Vance Blackfox at Vine Deloria Jr. Symposium

From an early age, Vance Blackfox (2012, MATS) felt a call to help others feel included. Blackfox has fulfilled that call in many different roles across the church: as a youth leader and a director of youth programs, in positions at Women of the ELCA and Augsburg Fortress Publishers, at California Lutheran University and at LSTC.

Now he is serving in a new position within the ELCA: desk director for American Indian Alaska Native Tribal Nations.

This new position is a significant change for the ELCA. By creating a desk director for American Indian Alaska Native Tribal Nations, the ELCA is recognizing Indigenous people as sovereign nations. This position is similar to desk directors relating to different regions around the world serving ELCA Global Mission.

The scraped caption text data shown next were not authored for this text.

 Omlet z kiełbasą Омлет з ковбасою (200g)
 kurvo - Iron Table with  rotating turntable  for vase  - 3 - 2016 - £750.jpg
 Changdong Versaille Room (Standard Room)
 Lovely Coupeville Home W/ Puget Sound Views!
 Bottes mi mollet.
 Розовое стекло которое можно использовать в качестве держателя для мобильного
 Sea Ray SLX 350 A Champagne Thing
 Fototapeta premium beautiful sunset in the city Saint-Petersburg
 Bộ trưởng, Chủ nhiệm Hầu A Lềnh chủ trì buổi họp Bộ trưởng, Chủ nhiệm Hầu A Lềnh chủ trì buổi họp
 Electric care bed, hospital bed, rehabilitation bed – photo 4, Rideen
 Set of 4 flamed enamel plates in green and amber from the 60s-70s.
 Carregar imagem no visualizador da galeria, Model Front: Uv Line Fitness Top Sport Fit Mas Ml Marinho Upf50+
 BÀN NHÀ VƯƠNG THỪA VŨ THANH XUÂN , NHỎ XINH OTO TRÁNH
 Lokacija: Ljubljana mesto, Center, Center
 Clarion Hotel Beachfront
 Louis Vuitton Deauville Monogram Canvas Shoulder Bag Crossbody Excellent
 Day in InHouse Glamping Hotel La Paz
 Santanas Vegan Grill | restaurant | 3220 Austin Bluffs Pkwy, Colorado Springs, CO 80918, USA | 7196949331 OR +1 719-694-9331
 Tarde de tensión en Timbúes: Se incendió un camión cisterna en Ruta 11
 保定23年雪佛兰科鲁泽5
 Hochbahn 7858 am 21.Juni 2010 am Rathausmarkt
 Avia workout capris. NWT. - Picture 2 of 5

In his new role, Blackfox will be building relationships with tribes and tribal leaders while partnering with and supporting the Indigenous and Native ministries that have existed and been working in Indian Country for many years.

“The ELCA needs to support the work that Native people are doing through organizations like Boarding School Healing Coalition and the National Congress of American Indians,” Blackfox said. “How does the church partner in a way that’s helpful and healthy and as an advocate of justice or maybe even a host of activists? The church must move beyond its paternalistic patterns with Native peoples and communities, deleting the imbalance, and instead embrace the opportunities to learn from the knowledge and great wisdom that Indigenous people have to offer. What a great way to build healthy and right relationships with us that would be.”

He started the new position in August, ending the first extended break he’s had from work since he was 13 years old. He finished his work with the National Native American Boarding School Healing Coalition in April. Although he enjoyed his time off, he didn’t stop working for inclusion and healing.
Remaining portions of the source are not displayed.